3. The happy ending is too slick
By the end of the book, Plum has self-actualized to an extraordinary extent. She needs 0% of men’s approval, her self-esteem is 100% intact, and she counts calories 0% of the time. When a guy in a bar makes fun of her, she knocks him over, puts a foot on his chest and makes him grovel. The episode is so cathartic for her that her complex, interesting character arc throughout the book suddenly petrifies into perfection – she might as well have looked Medusa in the eye. And it’s precisely this mythical figure of Plum that might work for some readers. But not for me.
4. A leetle nuance would have gone a long way
I have my reservations about nuance in feminist thinking. I don’t think nuance works in response to many issues. And I did like the feminist terror angle of the Dietland. But as Plum advanced into her friends’ radical feminist organization I found myself cringing at the lack of context, of complexity. I have an unfortunate tendency to think in black and white, so I think that places Dietland beyond even me on the spectrum of complexity of thought.

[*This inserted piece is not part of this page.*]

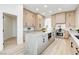 Modern kitchen with light wood cabinets, a large island, and stainless steel appliances at 5737 Heather Breeze Ct, Las Vegas, NV 89141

5. I can’t afford to be this angry all the time
Most people can’t. My radical feminist anger burnt me out as a teenager. Healthy anger is great. But I personally can’t keep the fire stoked at full throttle the way Plum does. I’d just end up feeling like a squeezed out rag. Maybe it’s a kind of cowardly feminism to want women to reserve energy for their personal lives, and maybe that’s what costs the movement much-needed josh. But yes, this reader of Dietland is a coward.
So what am I saying, exactly?
Overall, within a certain context, I’m thrilled that this book has been written – that context being the readers who approach this book with massive doubts about feminism itself. So I’m rooting for Dietland. This is the mutation of the genre that we’ve all been waiting for. Ready or not, terrorists have gotten into chick lit. And they’re not going away in a hurry.
July 30, 2015 at 8:53 am
hirishitalkies theladiesfinger as an aside, do we see the birth of a new term – femirrists?